In dem Maße, wie sich die Kulturszene in Kigali entwickelt, nimmt auch die Street Art einen immer wichtigeren Platz ein. Dies ist vor allem auf die Arbeit einer ruandischen Organisation namens Kurema Kureba Kwiga (wörtlich: "Schaffen, Sehen, Lernen") zurückzuführen, die sich seit 2013 zum Ziel gesetzt hat, die Zusammenarbeit zwischen den Gemeinschaften durch künstlerischen Ausdruck zu fördern. So hat sie die zahlreichen Wandmalereien initiiert, die die Wände der Stadt bedecken und mittlerweile ein fester Bestandteil der künstlerischen Identität Kigalis sind. Sie sind legal und werden oft von der Regierung unterstützt und schmücken kleine Gassen ebenso wie wichtige öffentliche Gebäude. Themen wie der Schutz des kulturellen Erbes, die Integration von Flüchtlingen, Feminismus, Umweltschutz oder der Kampf gegen HIV werden hier thematisiert. Es ist auch eine Gelegenheit, mit Künstlern aus anderen Ländern in einen Dialog zu treten. Vor kurzem reiste beispielsweise der international bekannte europäische Street Artist ROA im Rahmen einer Partnerschaft zwischen Kurema, der belgischen Botschaft und dem Rwandan Development Board nach Ruanda. Da sich seine Arbeit hauptsächlich auf die Erhaltung der Artenvielfalt von Tieren konzentriert, folgen auch die öffentlichen Wandmalereien, die im Rahmen dieser Zusammenarbeit entstanden sind, diesem Thema - so wie diejenige, die den Sitz des Volcanoes National Park schmückt.

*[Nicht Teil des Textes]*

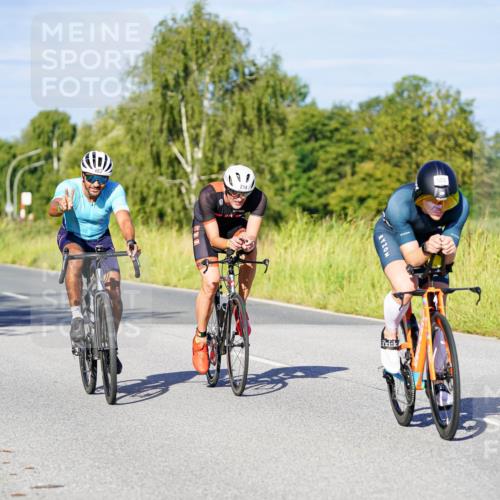 31.08.2025 - Elbe Triathlon Hamburg Michael Burmester http://msf.ph/oto/8663660 31.08.2025 09:19:01 Radfahren 214, 219, 410, 483, 505 meine-sportfotos.de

Die öffentliche Skulptur genießt zudem große Unterstützung seitens der Behörden, die ihr symbolisches Potenzial bei der politischen Versöhnungsarbeit erkannt haben. So punktieren verschiedene Statuen die Stadt und fügen dem Stadtbild eine historische Dimension hinzu. Manchmal wird einfach die lokale Kultur hervorgehoben, mit dem Ziel, die Hauptstadt fröhlicher, angenehmer für ihre Bewohner und attraktiver für Besucher zu machen, wie die riesige Statue der drei Tänzer auf dem Sonatube-Kreisel, die den traditionellen Tanz Umushyayayo aufführen, ein Symbol der Gastfreundschaft und der Freude, Besucher zu empfangen. Sie ist auch eine Botschaft der Einheit und der Gleichberechtigung der Geschlechter.